**Supplied entries**
----
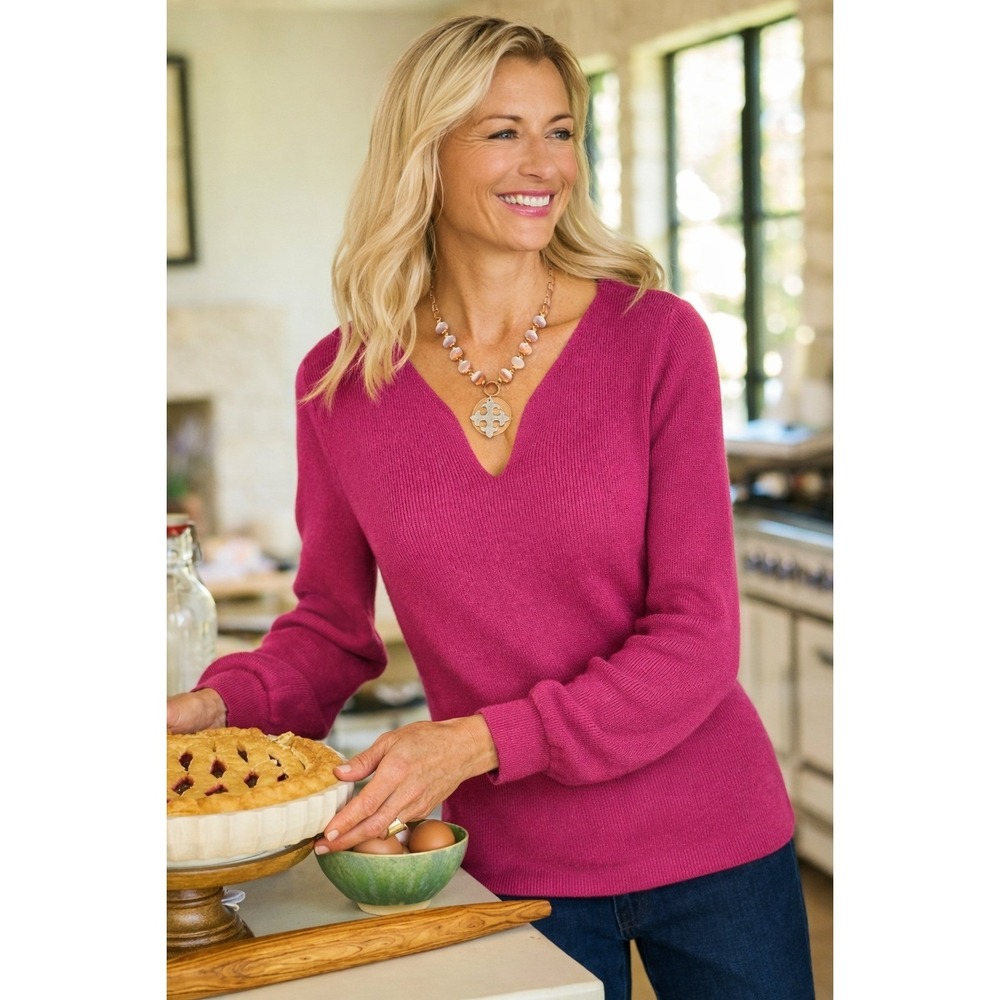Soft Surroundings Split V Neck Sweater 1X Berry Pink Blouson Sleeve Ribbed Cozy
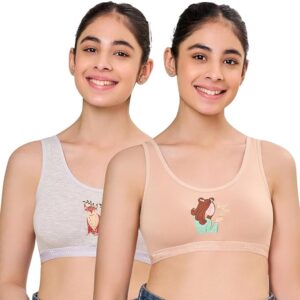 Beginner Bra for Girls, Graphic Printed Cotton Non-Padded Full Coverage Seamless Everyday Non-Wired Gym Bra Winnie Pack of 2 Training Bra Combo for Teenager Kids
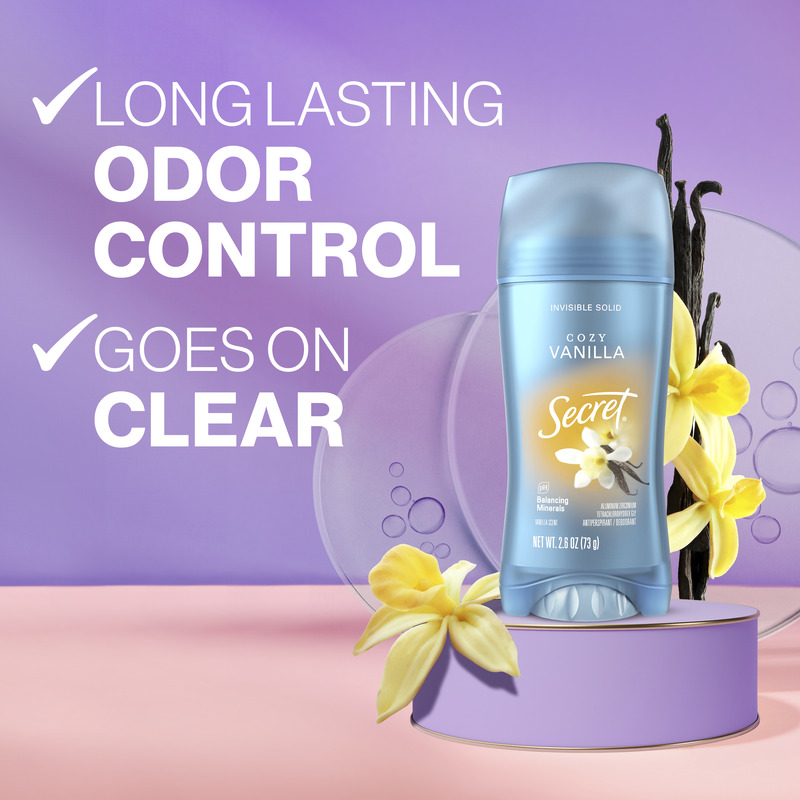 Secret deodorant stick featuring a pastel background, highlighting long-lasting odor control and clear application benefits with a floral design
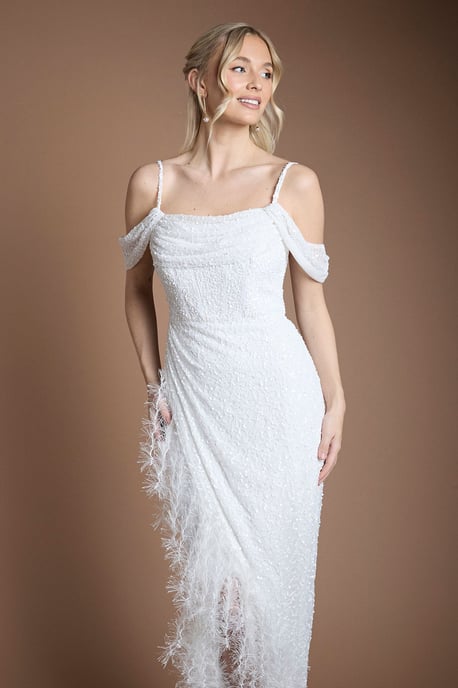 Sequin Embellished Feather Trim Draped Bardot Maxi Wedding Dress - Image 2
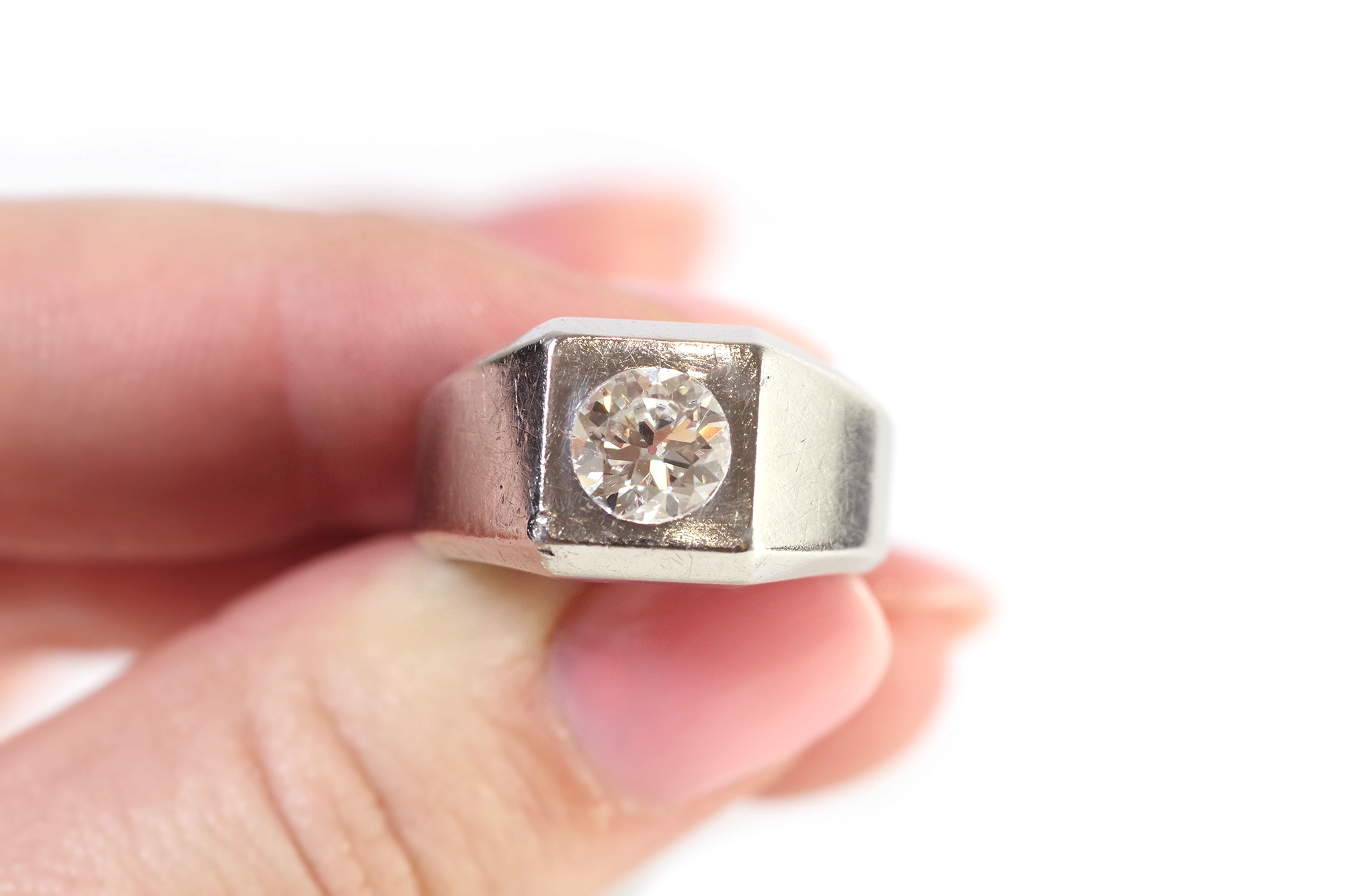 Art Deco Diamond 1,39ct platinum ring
----
**Directions**
Copy exactly the lines from the line that has "Beginner Bra for" through the last line of the entries above, inclusive, and no others. Pictures do not go in the copy.

**Solution to this task**
 Beginner Bra for Girls, Graphic Printed Cotton Non-Padded Full Coverage Seamless Everyday Non-Wired Gym Bra Winnie Pack of 2 Training Bra Combo for Teenager Kids
 Secret deodorant stick featuring a pastel background, highlighting long-lasting odor control and clear application benefits with a floral design
 Sequin Embellished Feather Trim Draped Bardot Maxi Wedding Dress - Image 2
 Art Deco Diamond 1,39ct platinum ring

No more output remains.